Russisch Roulette: Der Schweizer Finanzplatz demontiert sich einmal mehr selber

Und wieder einmal macht der Schweizer Finanzplatz wenig vorteilhafte Schlagzeilen. Diesmal sind es die toxischen Geschäftsbeziehungen einiger Schweizer Privatbanken, die auch nach 2022 russische Privatkunden betreuen und dabei offenbar jegliche Skrupel abgelegt haben. Das ist nicht nur aus moralischer Sicht fragwürdig, sondern auch strategisch ziemlich kurz gedacht, denn der Schweizer Finanzplatz als Ganzes verliert damit an Ansehen und an Respekt.

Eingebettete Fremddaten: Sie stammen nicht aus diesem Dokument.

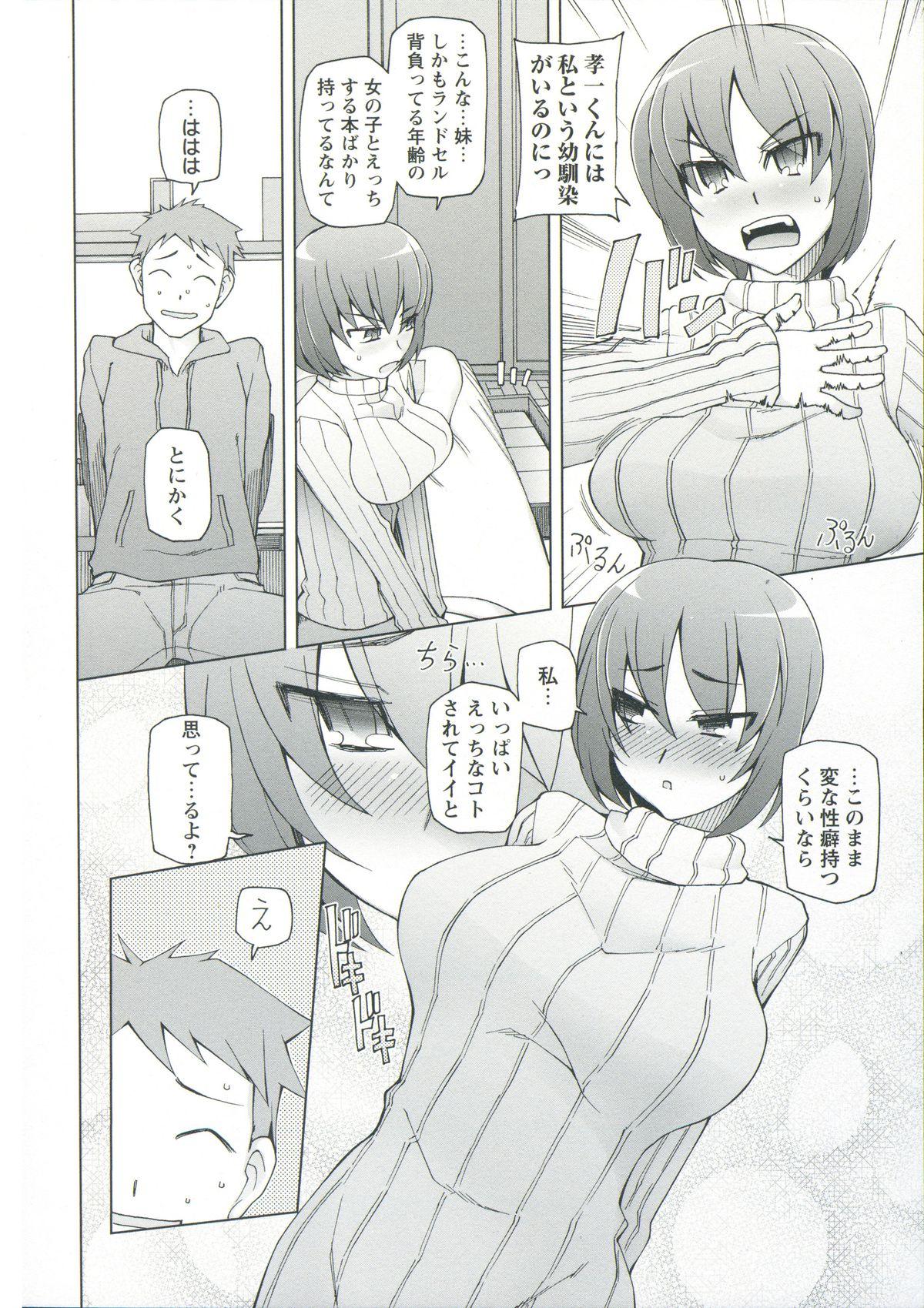 Audition Zettai Jusei Namahame Shoujo Chastity - Page 11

Wäre «strategische Weitsicht» ein Schulfach, müssten verschiedene CEOs von Schweizer Privatbanken um ihre Versetzung bangen. Anders lässt sich nicht erklären, weshalb einige Akteure in der helvetischen Privatbankenwelt zum Schluss gekommen sind, dass Geschäftsbeziehungen mit russischen Privatkunden, spätestens nach dem Einmarsch Russlands in die Ukraine im Jahr 2022, noch statthaft sind. Natürlich entgegnen Kritikern reflexartig, dass es nicht Aufgabe von Schweizer Banken ist, politisch motivierte Sanktionen umzusetzen – und auf lukrative Geschäfte mit der russischen Klientel zu verzichten, möchte man anfügen.

Vorsicht in Zeiten, in denen die Skrupellosen als tüchtig und die Rücksichtlosen als dynamisch gelten.

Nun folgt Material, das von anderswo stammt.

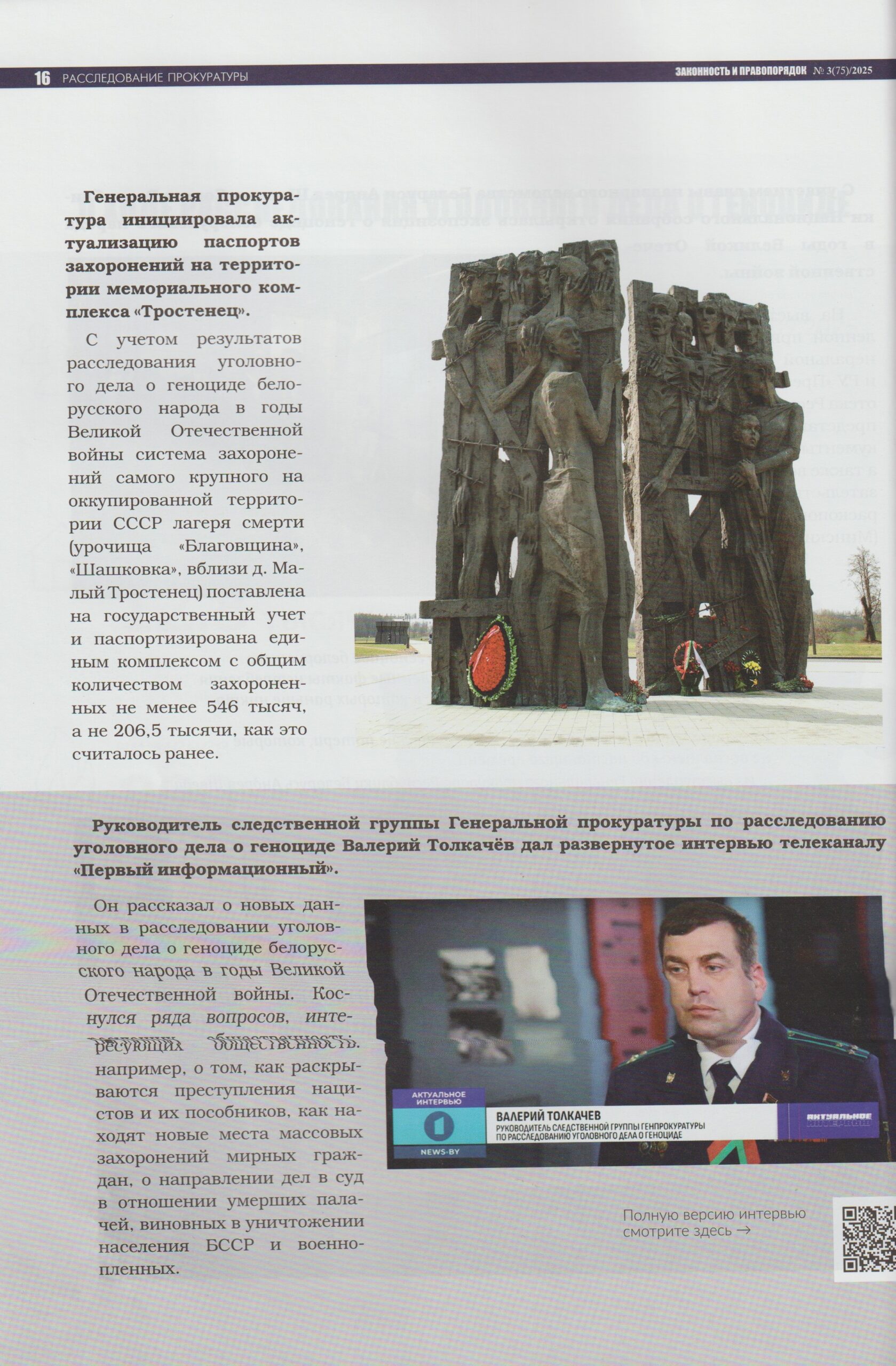 Скан_20251016 (3)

Hans-Jürgen Quadbeck-Seeger, deutscher Chemiker, Erfinder, Manager und Aphoristiker

Aber die Realität sieht anders aus. Der Schweizer Finanzplatz mit seiner unrühmlichen Vorgeschichte im Zusammenhang mit US-Steuerflüchtlingen kann es sich schlicht und ergreifend nicht leisten, eine neue Flanke zu öffnen und Fluchtgelder vermögender russischer Privatpersonen, die oftmals in Verbindung zum politischen System in Russland stehen, zu verwalten oder zu verschleiern. Dass sich in den Führungsetagen von Schweizer Privatbanken nach wie vor Verantwortungsträger finden, die das anders sehen, lässt tief blicken. Sowohl der gesunde Menschenverstand als auch der moralische Kompass (oder beides) scheinen angesichts der enormen Profite, die sich mit der russischen Klientel erwirtschaften lassen, komplett abhanden gekommen zu sein. Gleiches gilt für ein intaktes Sensorium der Bankmanager in Bezug auf tragfähige Geschäftsmodelle, die nicht auf toxischen Geschäftsbeziehungen, sondern auf Innovationen und auf Mehrwert für die Kunden basieren.

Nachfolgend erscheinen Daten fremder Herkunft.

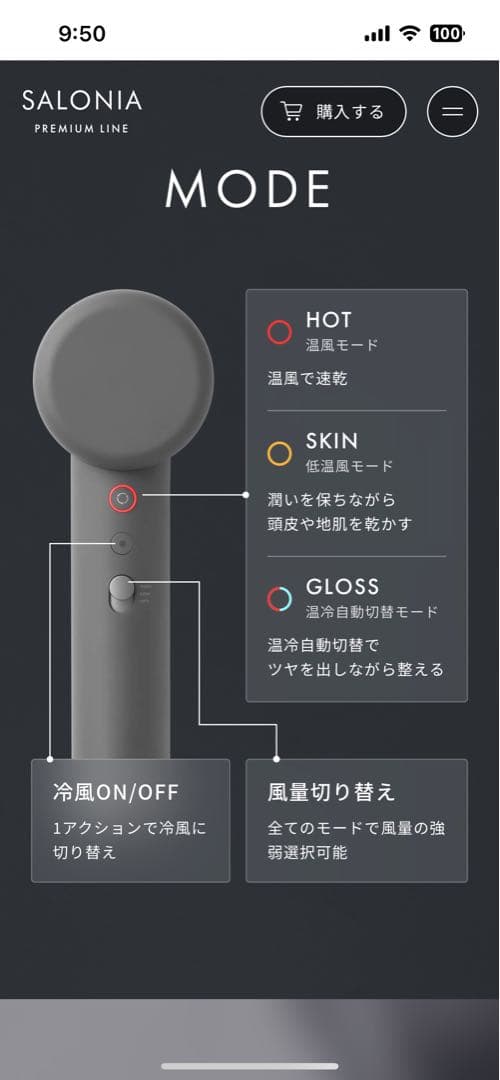 SALONIA スムースシャイン スマートドライヤー新品ブラックフライデーセール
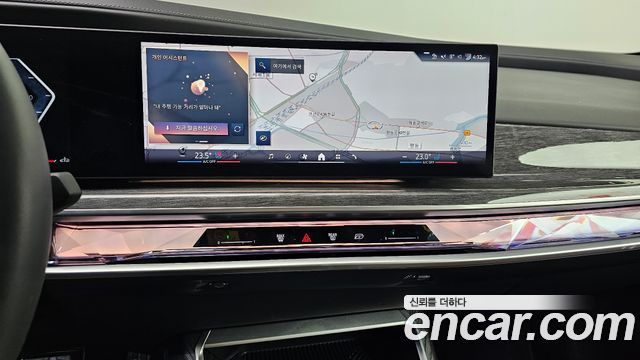 BMW 7-Series 2024 — photo 19
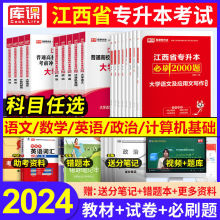 库课江西省专升本考试2024统招教材真题试卷必刷2000题小红书资料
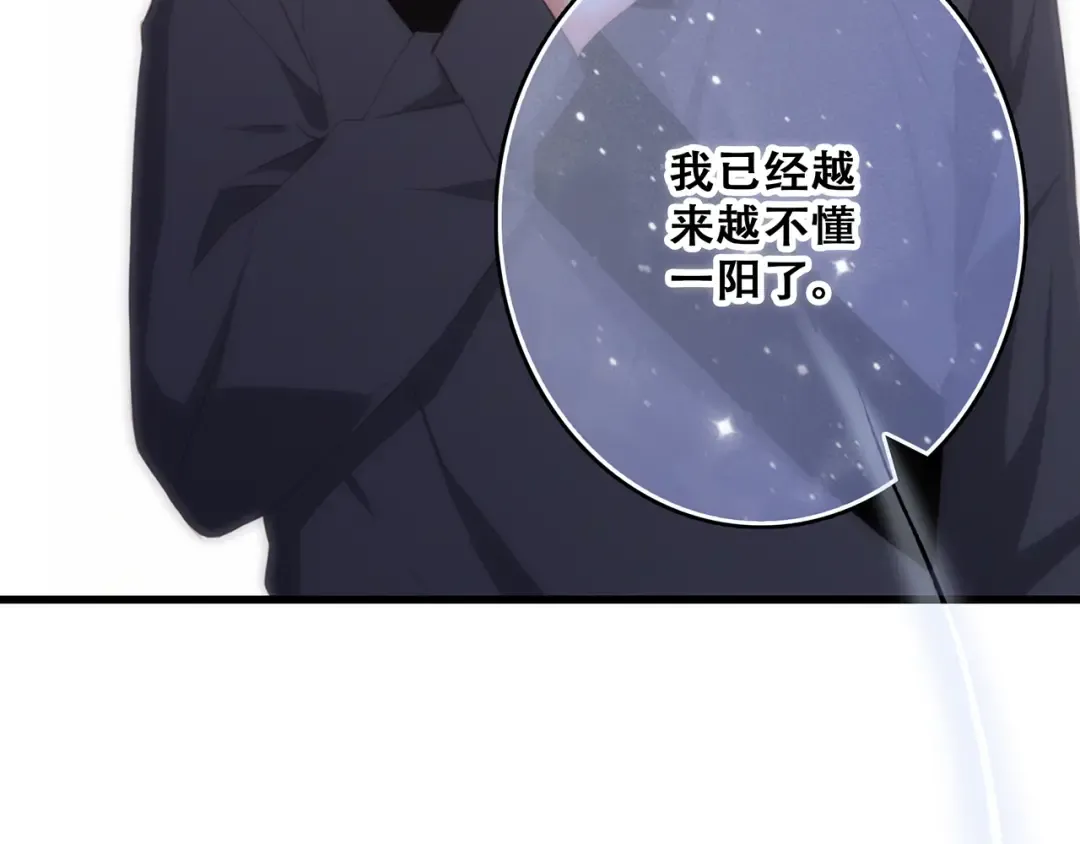 第66话 荆棘之路 第98页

Noch weit schwerer wiegt die Erkenntnis, dass es einigen Finanzplatz-Akteuren offenbar an einem elementaren strategischen Weitblick – man könnte auch von Charakterstärke sprechen – mangelt und dass die eigene Prosperität über das Ansehen und das Wohl des gesamten Schweizer Finanzplatzes gestellt wird – und das ohne mit dem Wimper zu zucken.